Sadhus sitting around the temple grounds.

Meditating Sadhu.
Resting Sadhus.
To be honest, I wanted to visit Pashupatinath for a very specific reason: open-air cremation ceremonies. I know that sounds awfully dark (and perhaps a bit twisted), but I have always had a reverential fascination with Hindu funerals and cremation rites. Allen Ginsberg, I once read, used to spend all of his days in India watching these somber ceremonies occur on the banks of the Ganges. It was his favorite thing to do in the country. He found it peaceful and awe-inspiring. I don't know what I expected from the cremation rituals, but I knew that I wanted to witness one while in South Asia. The temple of Pashupatinath sits along the dirty Bagmati River. Because Nepal is still a society riddled with class/caste distinctions, only certain people can be cremated in the area right beside the temple. The poorer, more common people hold their ceremonies about 200 feet downstream, which is where most of them take place.

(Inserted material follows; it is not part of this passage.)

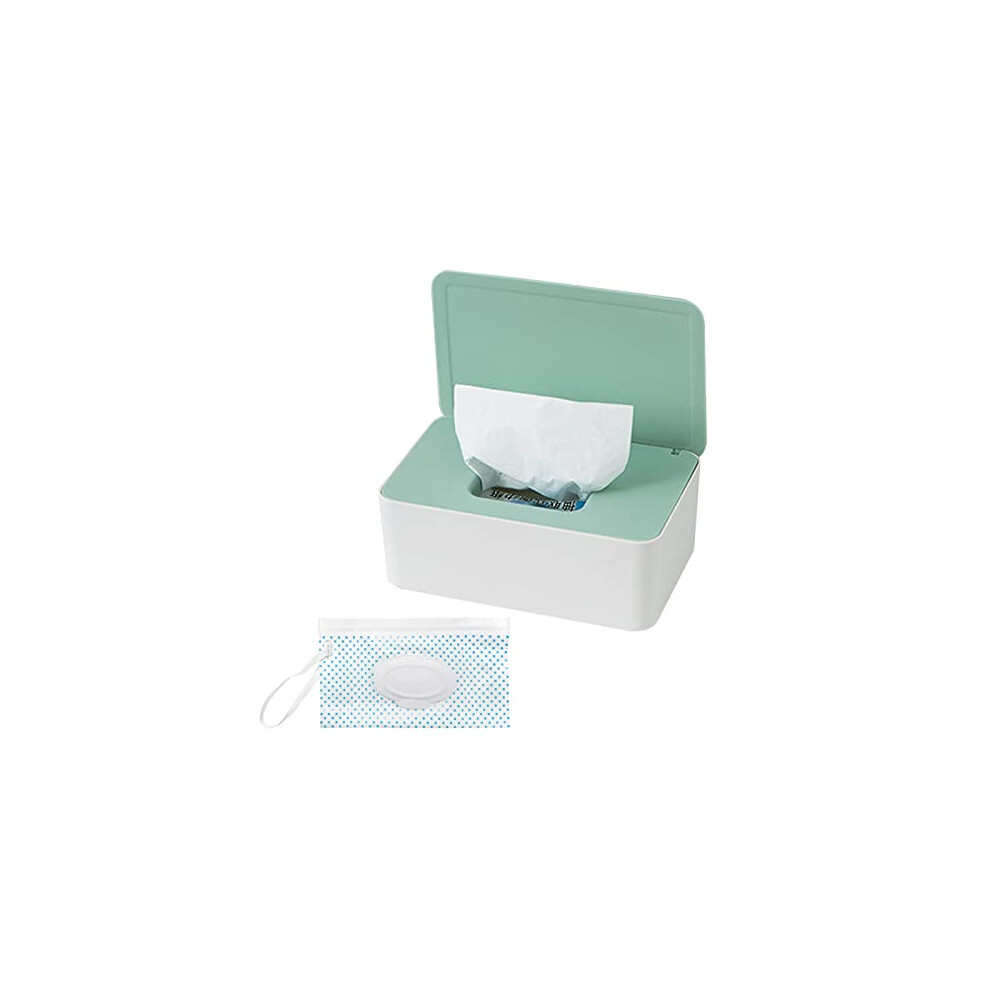 Wet Wipes Box And Baby Wet Wipe Pouch Set Wipes Dispenser Case Wet Wipes Dispenser Tissue Storage Refillable Wet Wipe Box Travel Container Wipes Bag Xpoop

On one side of the river, there are about 5 cement platforms jutting out over the shallow, polluted river. Throughout the course of an hour or so, we saw 4 cremations in progress. When a funeral occurs, a pyre is constructed using big logs. Then, the lifeless body, wrapped in cloth, is laid upon the pyre and covered with dry straw. After that, with a crowd of family and friends around, the bottom of the logs are set ablaze. Smoke billows out from the stack, and the people look at it sullenly until they all eventually trickle away. After a little while, the pyre is reduced to a smoldering campfire containing ashen human remains, which are then swept into the Bagmati River.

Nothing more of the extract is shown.